■ What is expected: Make an exact copy of the listing so that no picture is carried over.

■ Data below:
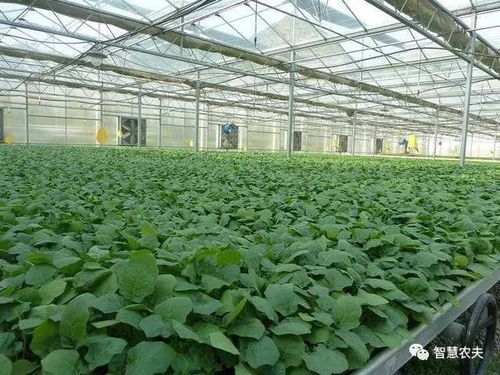 浙江再領跑 全國首推農業標準地改革，推動農業園藝服務現代化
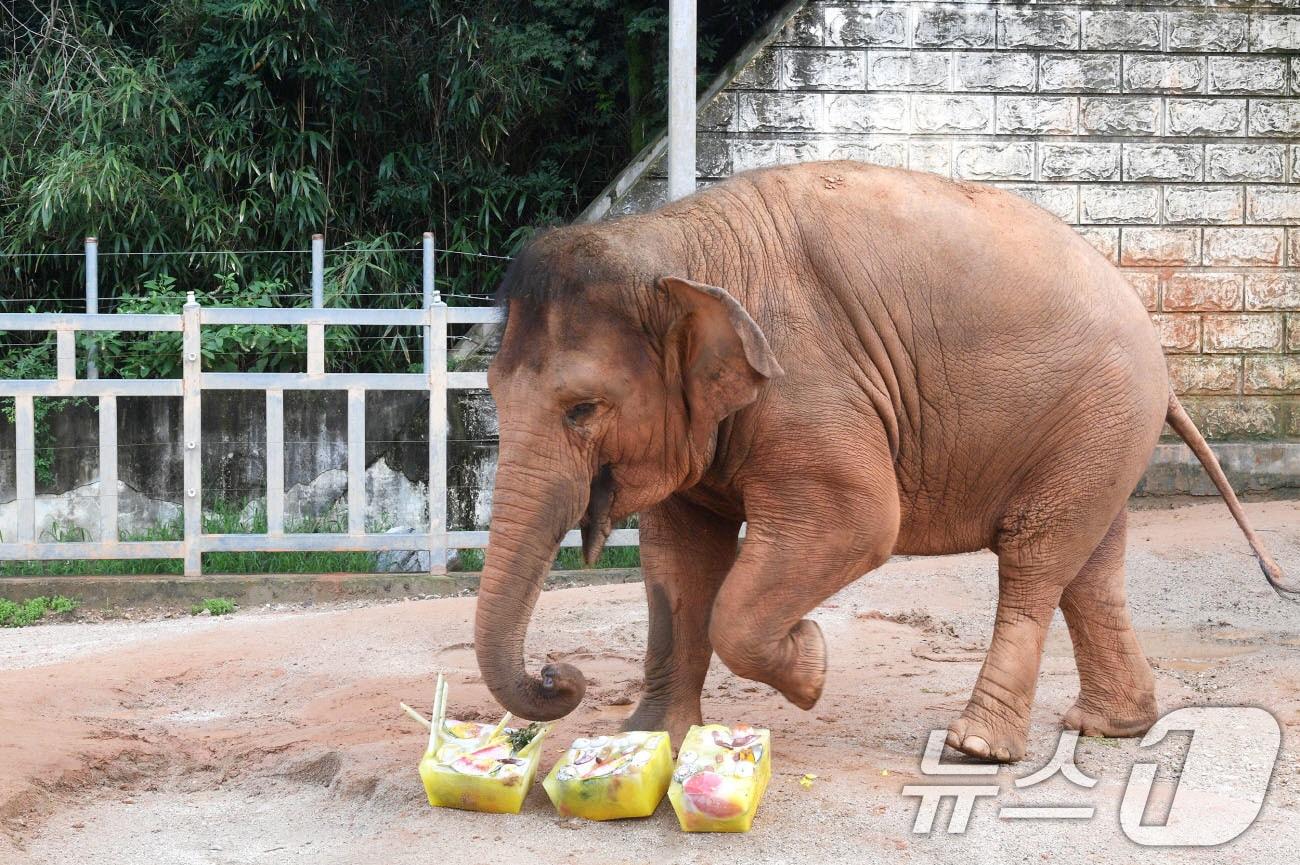 본문 이미지 - 폭염이 기승을 부리고 있는 가운데 광주 우치공원 동물원에서 7일 &#39;동물복지 실천 여름나기 프로그램&#39;으로 코끼리에게 과일을 얼린 대형 얼음 간식을 제공해 더위를 식히고 있다. &#40;광주시 제공. 재판매 및 DB 금지&#41; 2025.8.7/뉴스1 ⓒ News1 박준배 기자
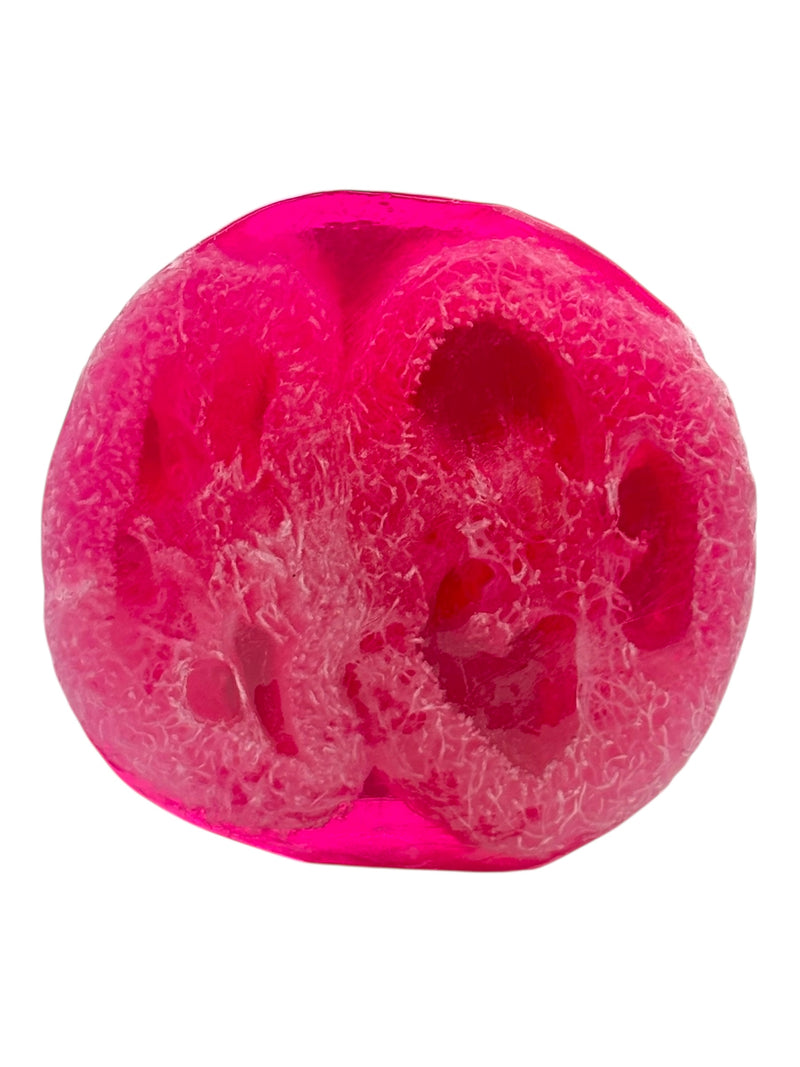 MADE IN HAWAII.Plumeria Sunset Loofah Soap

■ Answer box:
 浙江再領跑 全國首推農業標準地改革，推動農業園藝服務現代化
 본문 이미지 - 폭염이 기승을 부리고 있는 가운데 광주 우치공원 동물원에서 7일 &#39;동물복지 실천 여름나기 프로그램&#39;으로 코끼리에게 과일을 얼린 대형 얼음 간식을 제공해 더위를 식히고 있다. &#40;광주시 제공. 재판매 및 DB 금지&#41; 2025.8.7/뉴스1 ⓒ News1 박준배 기자
 MADE IN HAWAII.Plumeria Sunset Loofah Soap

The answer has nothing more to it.